> [DATASET]
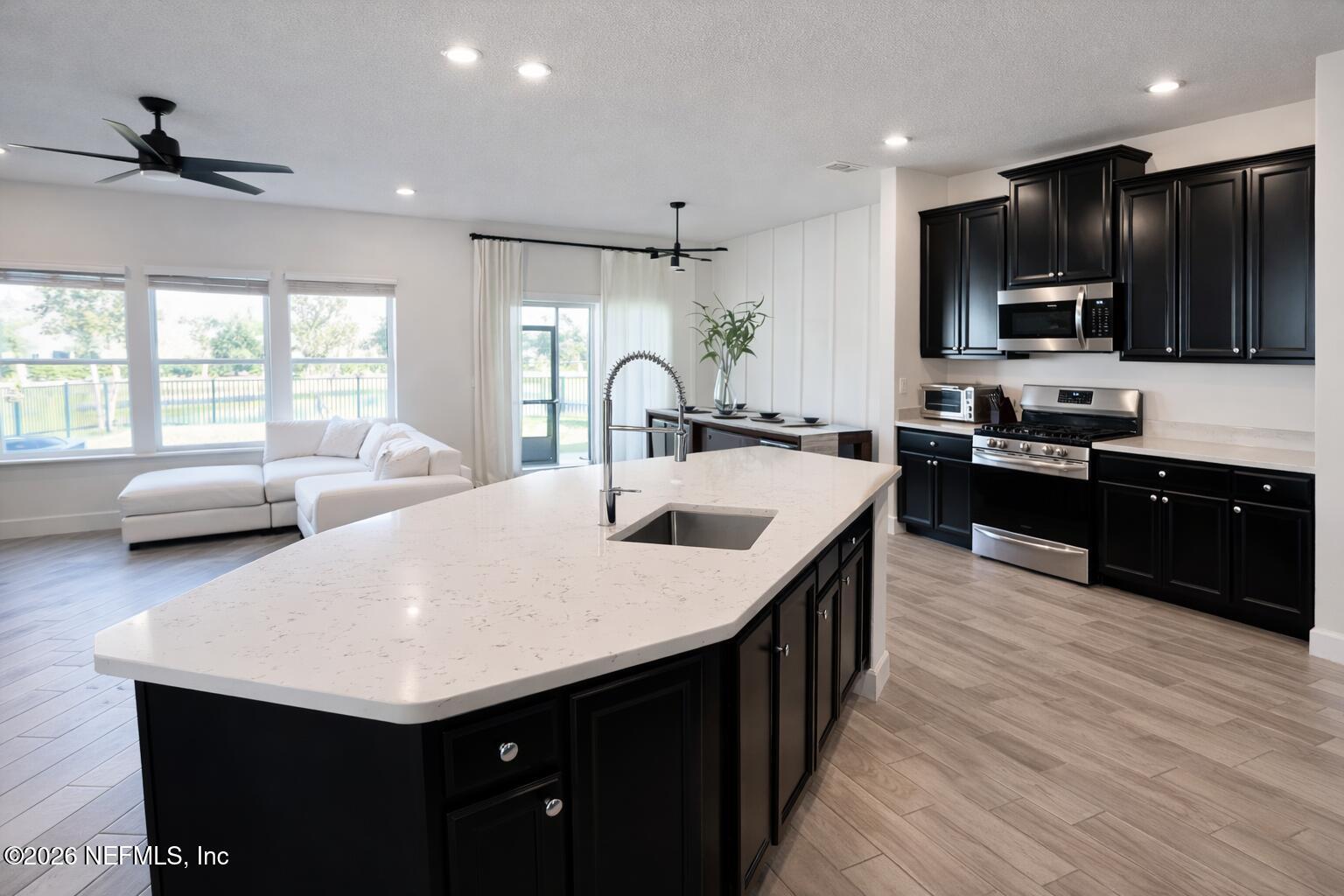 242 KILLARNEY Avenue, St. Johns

--

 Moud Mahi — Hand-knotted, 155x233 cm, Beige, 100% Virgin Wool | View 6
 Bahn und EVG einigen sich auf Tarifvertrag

> [PROBLEM REQUIREMENTS]
Reproduce exactly, and with no other material, the lines between those holding "Moud Mahi —" and "Bahn und EVG einigen sich auf Tarifvertrag", inclusive.

> [ANSWER TO THIS EXERCISE]
 Moud Mahi — Hand-knotted, 155x233 cm, Beige, 100% Virgin Wool | View 6
 Bahn und EVG einigen sich auf Tarifvertrag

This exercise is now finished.